#### WORK INSTRUCTIONS
In the copy, include no images. Reproduce the entries exactly.

(Short descriptive text snippets)
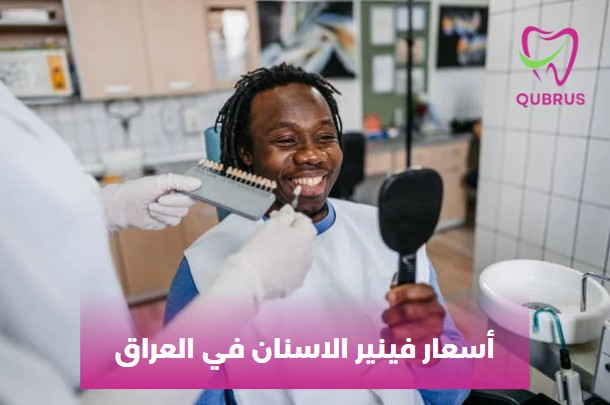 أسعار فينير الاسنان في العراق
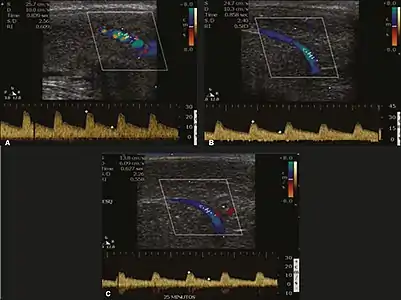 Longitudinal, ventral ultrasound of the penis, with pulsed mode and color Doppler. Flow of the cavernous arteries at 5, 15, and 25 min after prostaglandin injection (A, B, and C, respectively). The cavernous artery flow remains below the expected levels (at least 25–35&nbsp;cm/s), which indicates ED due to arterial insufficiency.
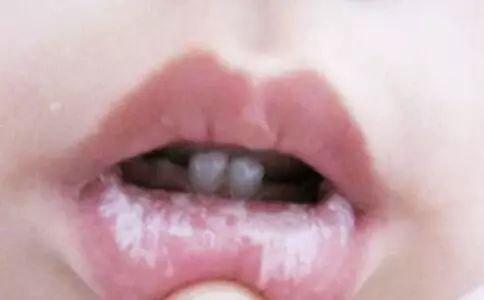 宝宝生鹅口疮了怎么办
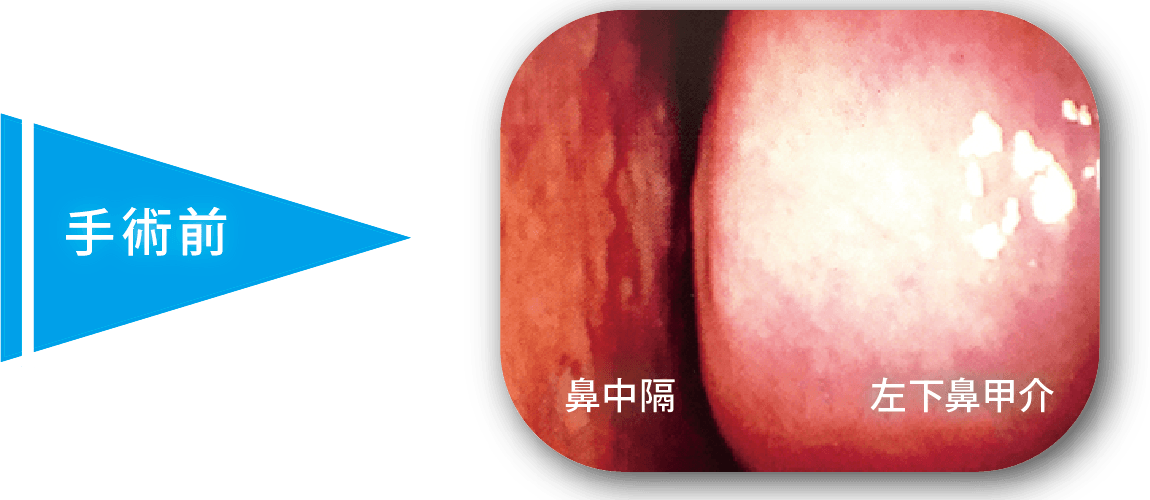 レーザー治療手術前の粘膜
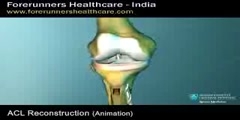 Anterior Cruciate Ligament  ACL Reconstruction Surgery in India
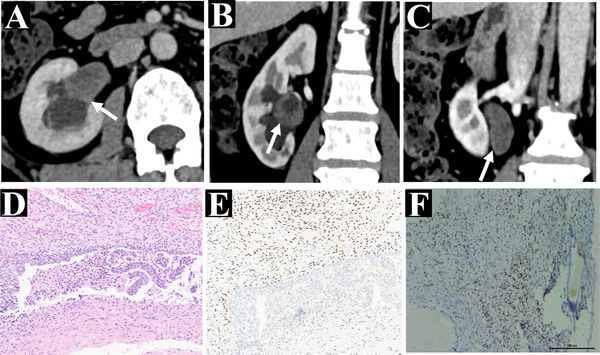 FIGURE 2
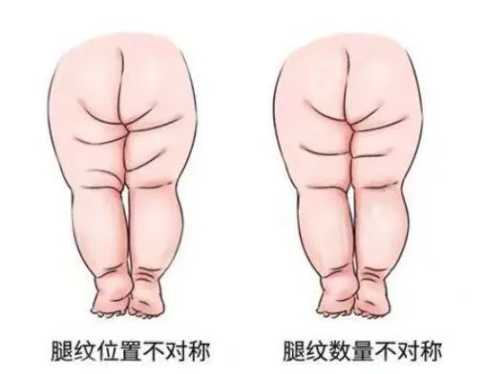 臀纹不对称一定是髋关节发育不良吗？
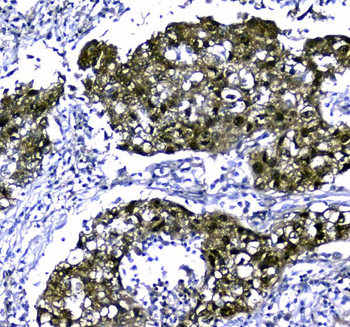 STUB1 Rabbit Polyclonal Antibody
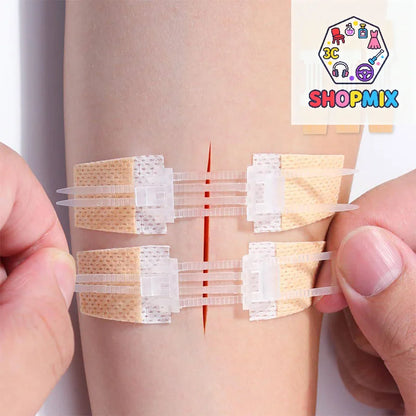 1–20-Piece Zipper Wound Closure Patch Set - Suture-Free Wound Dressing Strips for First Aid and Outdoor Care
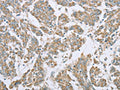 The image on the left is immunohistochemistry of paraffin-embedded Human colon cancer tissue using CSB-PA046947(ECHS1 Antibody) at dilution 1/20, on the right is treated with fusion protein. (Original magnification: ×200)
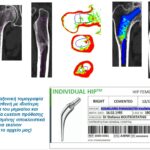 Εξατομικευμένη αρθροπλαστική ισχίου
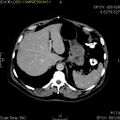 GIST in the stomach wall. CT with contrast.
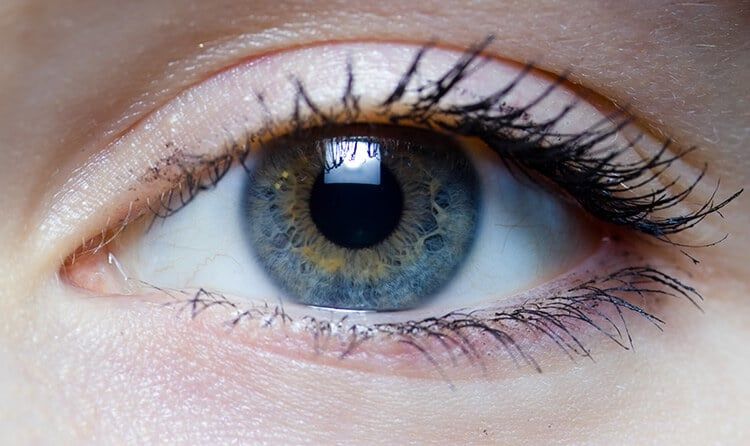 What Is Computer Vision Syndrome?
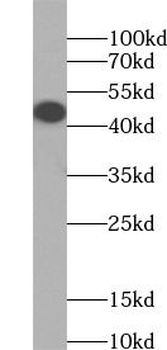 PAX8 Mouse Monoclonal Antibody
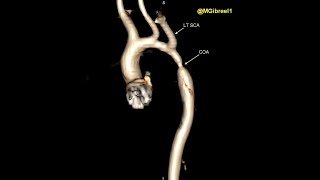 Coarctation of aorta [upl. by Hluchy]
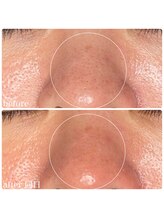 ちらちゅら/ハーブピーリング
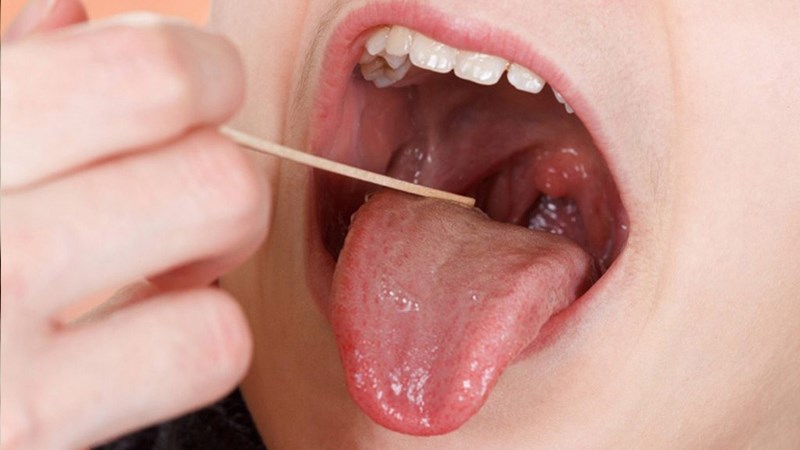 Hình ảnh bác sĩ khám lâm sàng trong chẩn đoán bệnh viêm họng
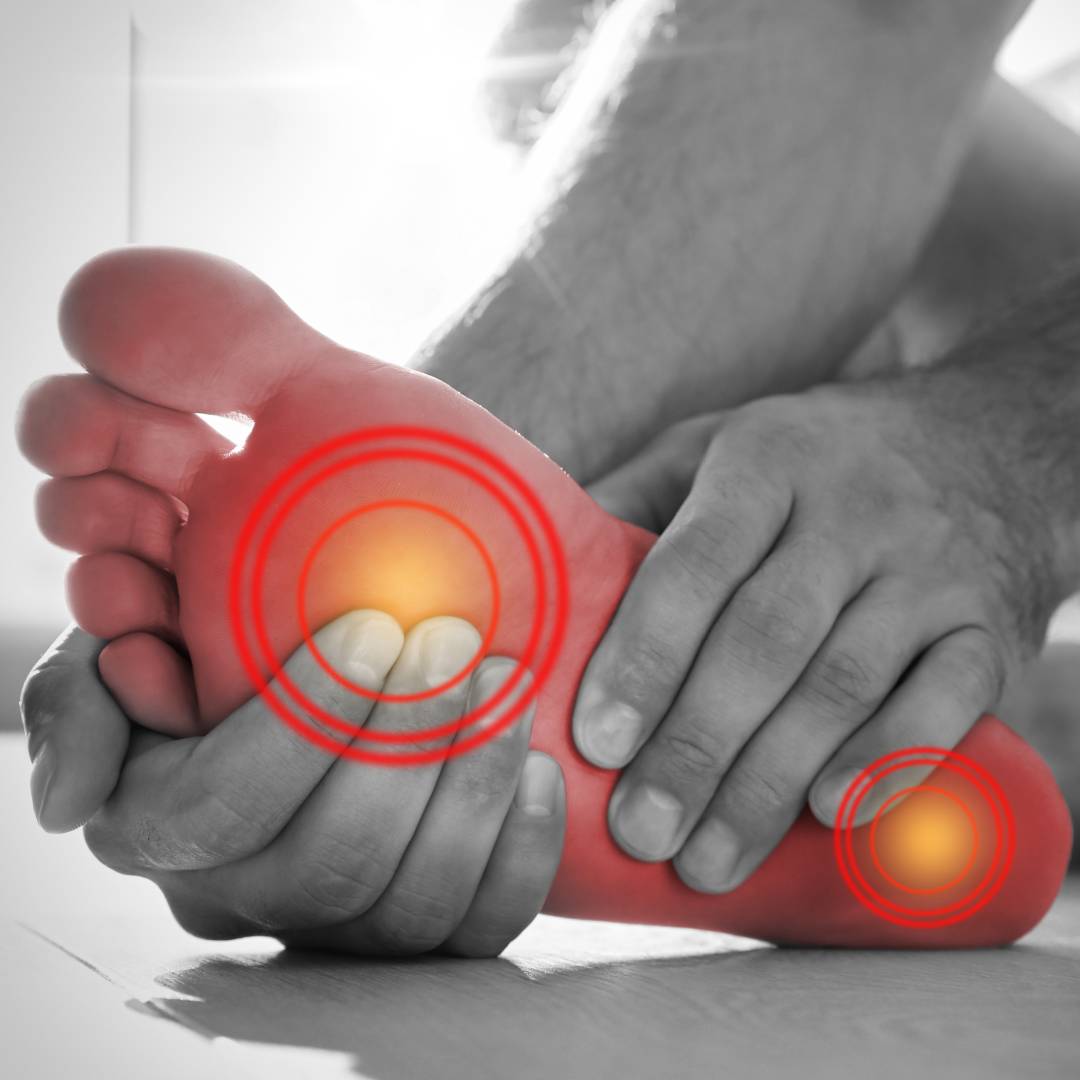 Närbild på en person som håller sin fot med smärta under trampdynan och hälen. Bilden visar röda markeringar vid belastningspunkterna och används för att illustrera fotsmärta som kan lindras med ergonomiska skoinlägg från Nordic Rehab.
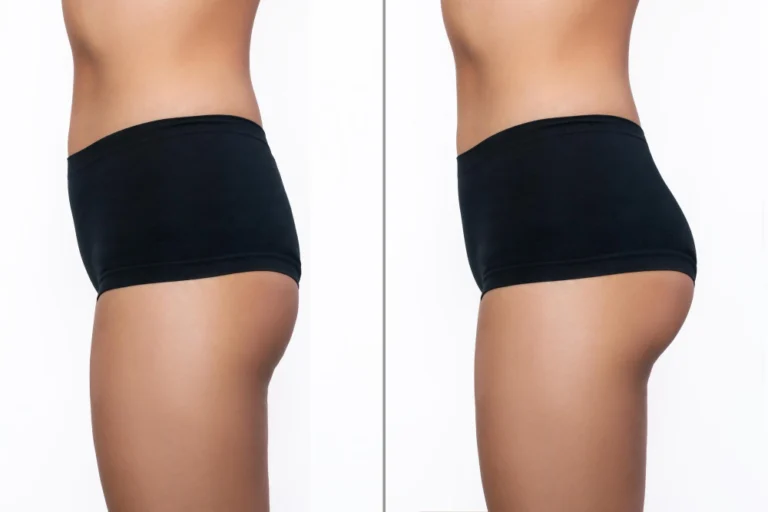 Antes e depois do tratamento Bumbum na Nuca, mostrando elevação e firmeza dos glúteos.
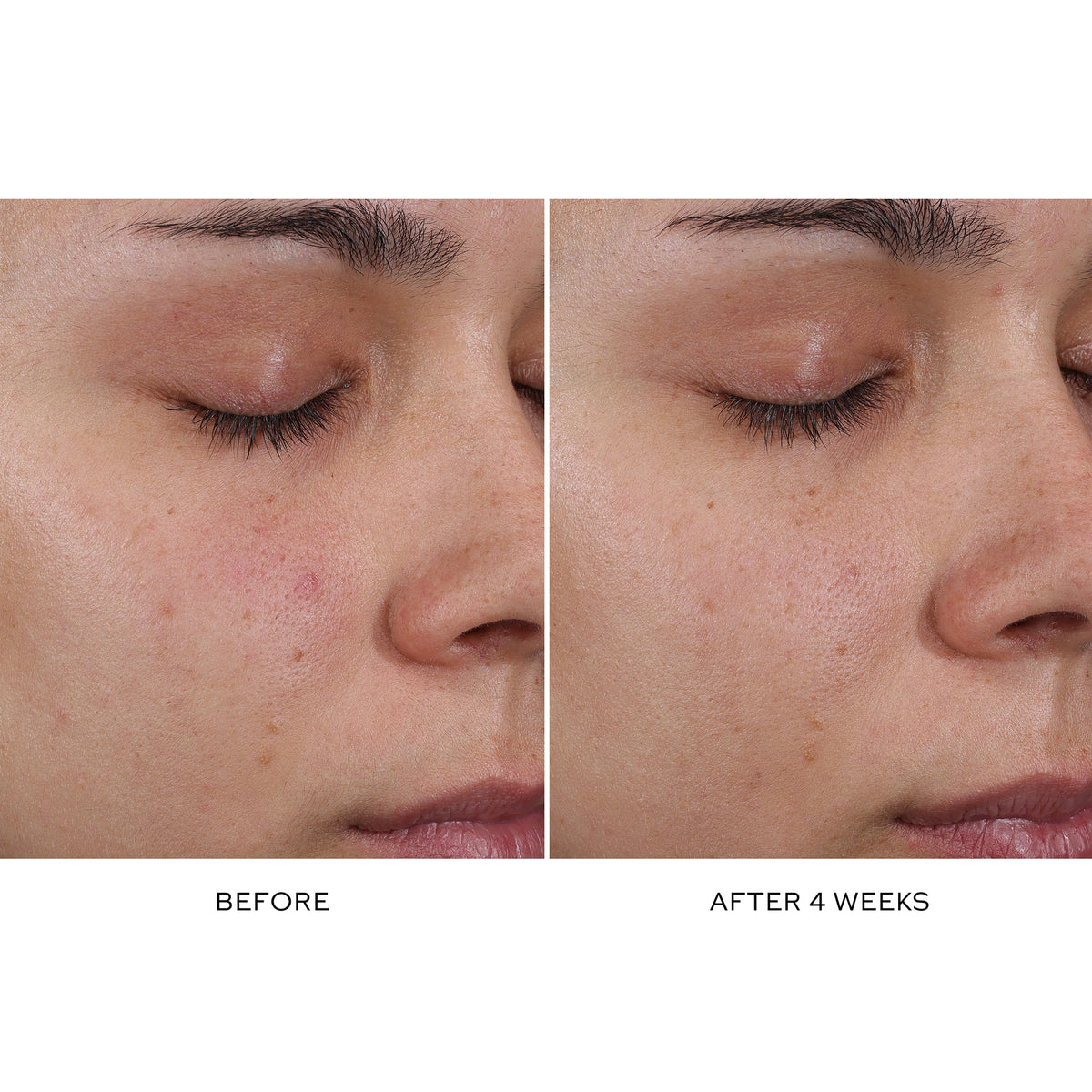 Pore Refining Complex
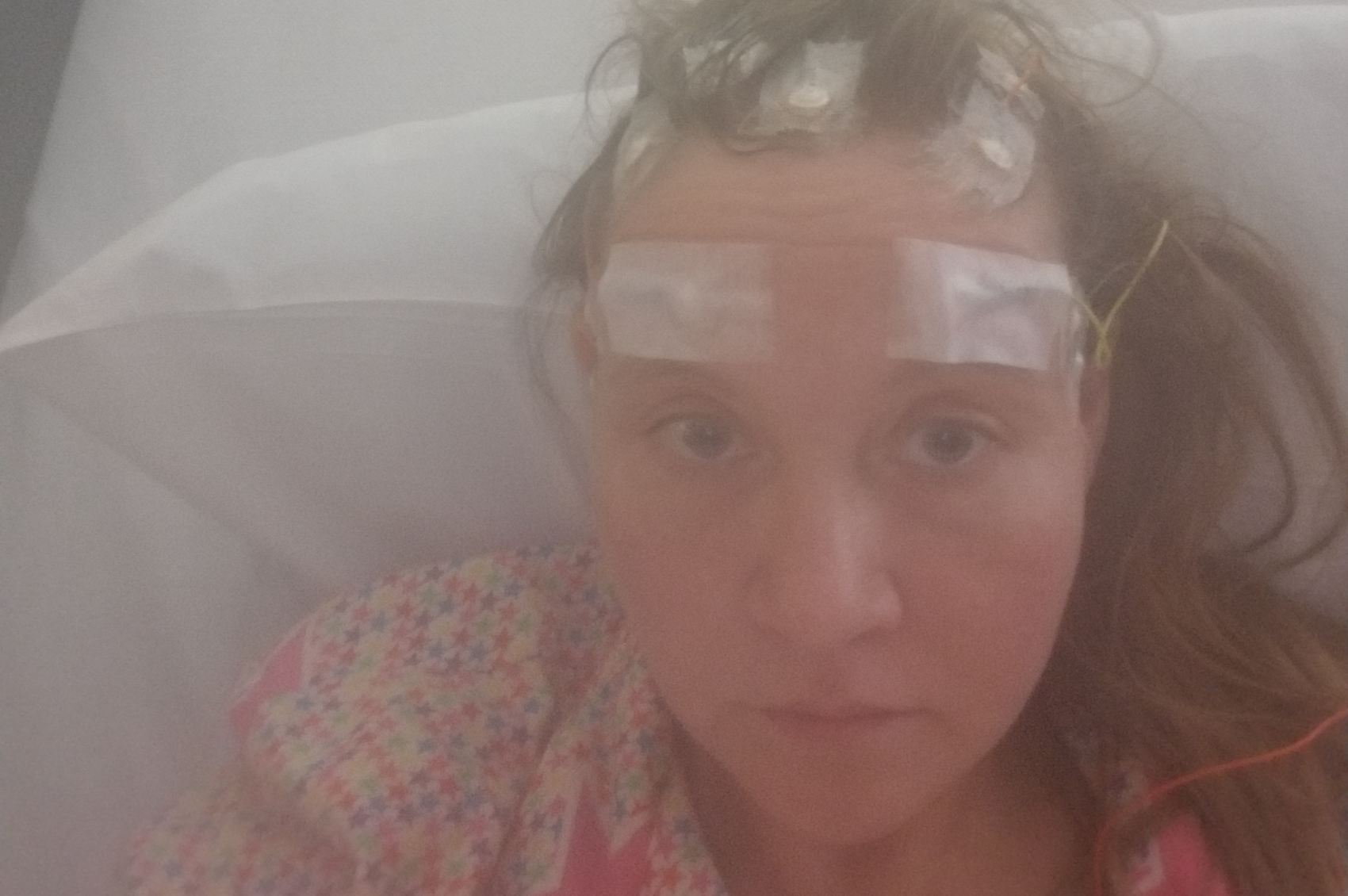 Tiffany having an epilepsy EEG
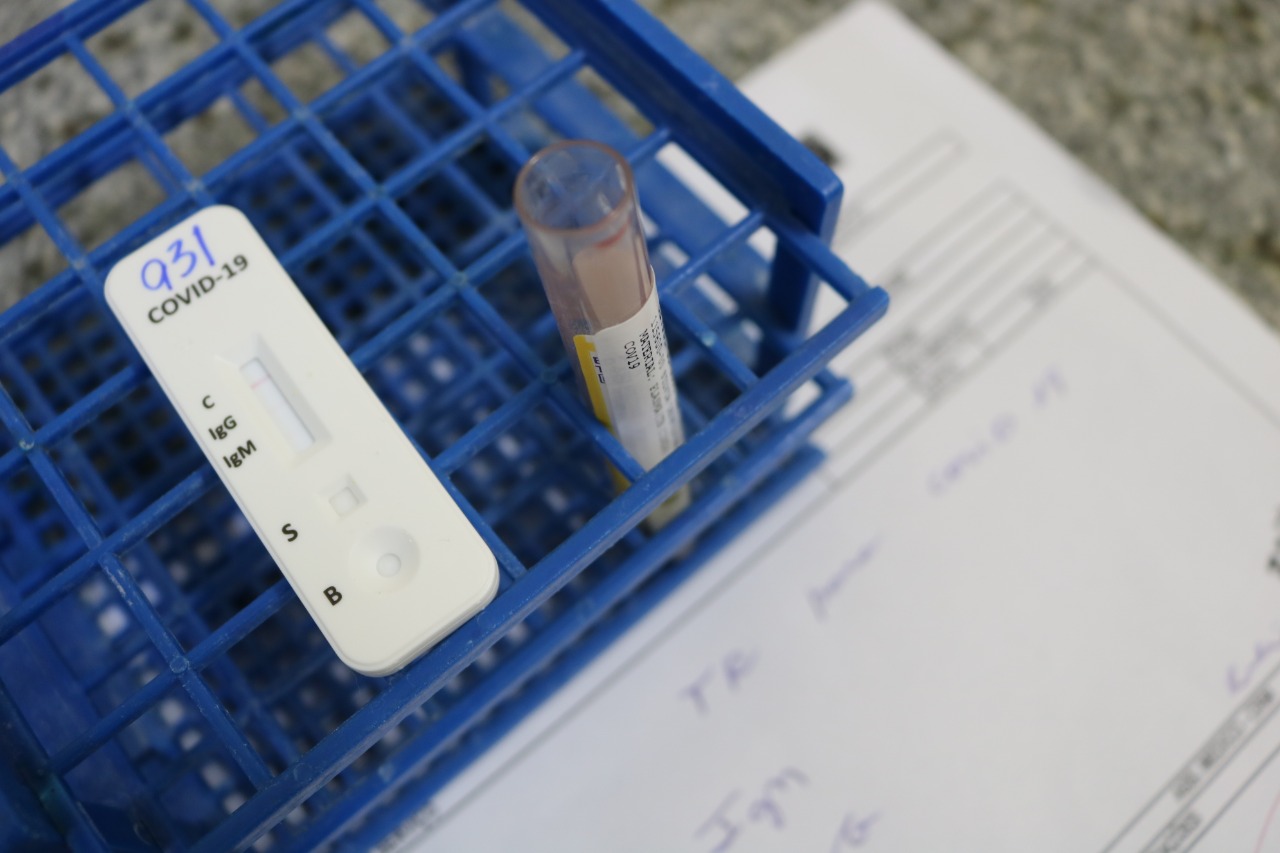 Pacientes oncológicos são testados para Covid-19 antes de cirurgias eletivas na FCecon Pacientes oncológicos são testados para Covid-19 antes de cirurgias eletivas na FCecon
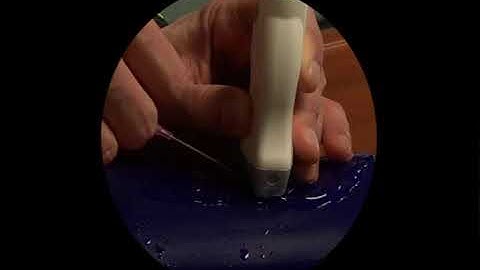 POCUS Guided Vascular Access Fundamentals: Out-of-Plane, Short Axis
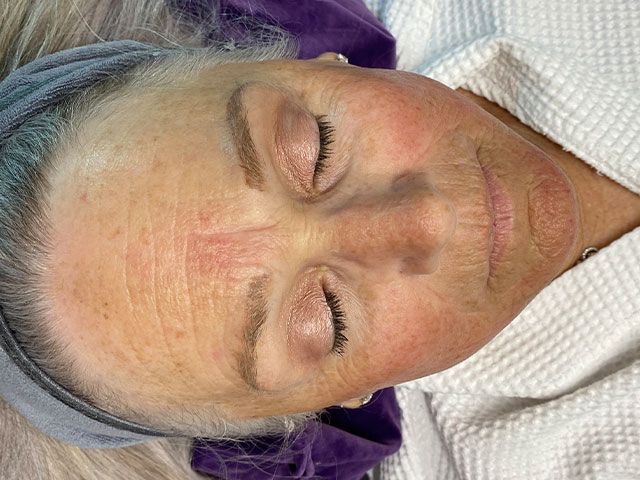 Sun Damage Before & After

#### ANSWER BOX
 أسعار فينير الاسنان في العراق
 Longitudinal, ventral ultrasound of the penis, with pulsed mode and color Doppler. Flow of the cavernous arteries at 5, 15, and 25 min after prostaglandin injection (A, B, and C, respectively). The cavernous artery flow remains below the expected levels (at least 25–35&nbsp;cm/s), which indicates ED due to arterial insufficiency.
 宝宝生鹅口疮了怎么办
 レーザー治療手術前の粘膜
 Anterior Cruciate Ligament  ACL Reconstruction Surgery in India
 FIGURE 2
 臀纹不对称一定是髋关节发育不良吗？
 STUB1 Rabbit Polyclonal Antibody
 1–20-Piece Zipper Wound Closure Patch Set - Suture-Free Wound Dressing Strips for First Aid and Outdoor Care
 The image on the left is immunohistochemistry of paraffin-embedded Human colon cancer tissue using CSB-PA046947(ECHS1 Antibody) at dilution 1/20, on the right is treated with fusion protein. (Original magnification: ×200)
 Εξατομικευμένη αρθροπλαστική ισχίου
 GIST in the stomach wall. CT with contrast.
 What Is Computer Vision Syndrome?
 PAX8 Mouse Monoclonal Antibody
 Coarctation of aorta [upl. by Hluchy]
 ちらちゅら/ハーブピーリング
 Hình ảnh bác sĩ khám lâm sàng trong chẩn đoán bệnh viêm họng
 Närbild på en person som håller sin fot med smärta under trampdynan och hälen. Bilden visar röda markeringar vid belastningspunkterna och används för att illustrera fotsmärta som kan lindras med ergonomiska skoinlägg från Nordic Rehab.
 Antes e depois do tratamento Bumbum na Nuca, mostrando elevação e firmeza dos glúteos.
 Pore Refining Complex
 Tiffany having an epilepsy EEG
 Pacientes oncológicos são testados para Covid-19 antes de cirurgias eletivas na FCecon Pacientes oncológicos são testados para Covid-19 antes de cirurgias eletivas na FCecon
 POCUS Guided Vascular Access Fundamentals: Out-of-Plane, Short Axis
 Sun Damage Before & After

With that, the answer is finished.